Written by Richard Ferguson, Ph.D. on 30 November 2015.

It might be a very strange question to ask, but just what is “tired”? How many times in a day you here others, or yourself, say, “I’m tired”? You know what it feels like to be tired, but just exactly what leads to the sensation that we label as tired? Of course running can make you feel tired, both during and after running. You know the feeling of fatigue late in a long workout or race. The heavy legs, the feelings that your legs simply won’t move, that dull ache in your muscles, and the labored breathing are all outward signs of being fatigued or “tired”. There is also the mental struggle where your mind may be trying to tell you to stop or slowdown and you just feel mentally fuzzy, such as not being able to think clearly or experiencing strange thinking patterns and visual distortions. In other words, late in that marathon or long training you feel just plain tired.

                  Most of the research on fatigue in runners has centered on what is known as peripheral fatigue, or the fatigue that may occur within the muscles themselves. Low muscle glycogen leads to muscular fatigue, lactic acid production leads to muscular fatigue, dehydration can lean to muscular fatigue. All of these causes of fatigue are pretty well established through research.

                  But what about the fatigue that is occurring in your central nervous system, or as it is commonly referred to, central fatigue? The question remains, does fatigue occur in your muscles or in your brain? Is the reason your legs won’t move late in a marathon due to something going on in your brain and not necessarily in your muscles? The role of central fatigue and running performance has garnered more attention over past several years. Famous South African researcher and author, Timothy Nokes, feels central fatigue is actually the way the central nervous system protects the body from being damaged from intense physical effort. In other words, he feels the brain may actually limit our performance and, as such, fatigue can be reduced if you are prepared psychologically to deal with the sensations of fatigue. So just maybe feeling tired is a perception rather than an actual physical phenomenon.

                

But is there some physiological root to central fatigue and those psychological feelings of being tired? Disturbances of neurotransmitters in the brain during exercise may lead to perceptions of central fatigue. Exercise may raise brain levels of the neurotransmitter serotonin and too much serotonin is related to increased perceptions of fatigue. Long term exercise may also lower the neurotransmitter norepinephrine, which acts as a nerve stimulant, thereby increasing perceptions of fatigue as well.

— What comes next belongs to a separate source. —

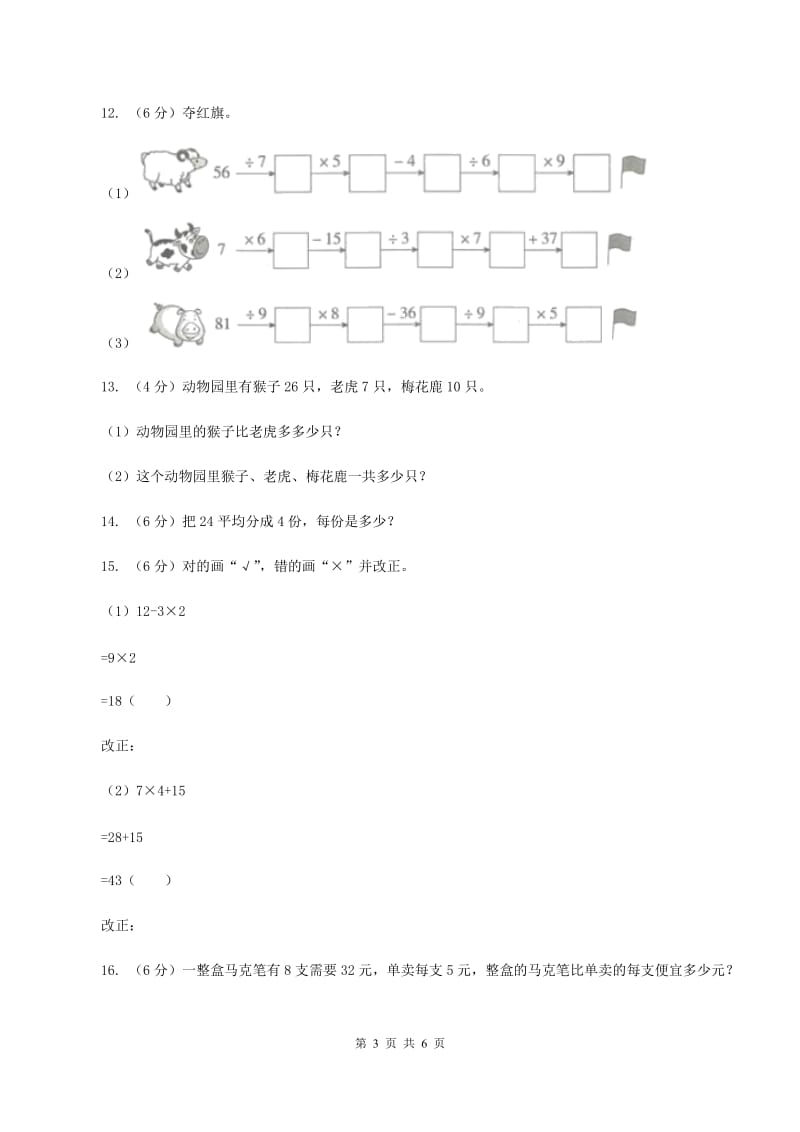 2019-2020学年二年级下学期数学期中考试试卷D卷_第3页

                  Serotonin has received the most attention on its effect on fatigue. Late in a long run, such as a marathon, glycogen (carbohydrate) stores get low. In an effort to maintain blood glucose levels, some protein in our muscle tissue is actually broken down for energy. Of course protein is formed from amino acids and there are three particular amino acids that seem to be utilized the most. These three are commonly referred to as the Branched Chain Amino Acids and consist of leucine, isoleucine and valine. Well, in a nutshell, if the Branched Chain Amino Acids get low in your blood stream it allows another amino acid, tryptophan, to leave the blood and enter the brain in large amounts. Increased tryptophan in the brain may cause more of the neurotransmitter serotonin to be produced, thereby causing increased perceptions of fatigue. (You may have heard that turkey contains tryptophan and that’s why you get sleepy after eating a meal with turkey, such as on Thanksgiving!)

                  So if feeling tired is something central that is occurring in the brain, is there anything you can do about it, especially in running? You may not be able to totally prevent fatigue, but there are a number of things you can do to delay the onset of fatigue. From a physiological standpoint, your training actually serves to help you delay fatigue. So a sound training program can actually help you delay fatigue by serving to increase your energy stores (glycogen), increased energy system enzymes, and better energy metabolism, all of which can improve your ability to run faster for a longer period of time.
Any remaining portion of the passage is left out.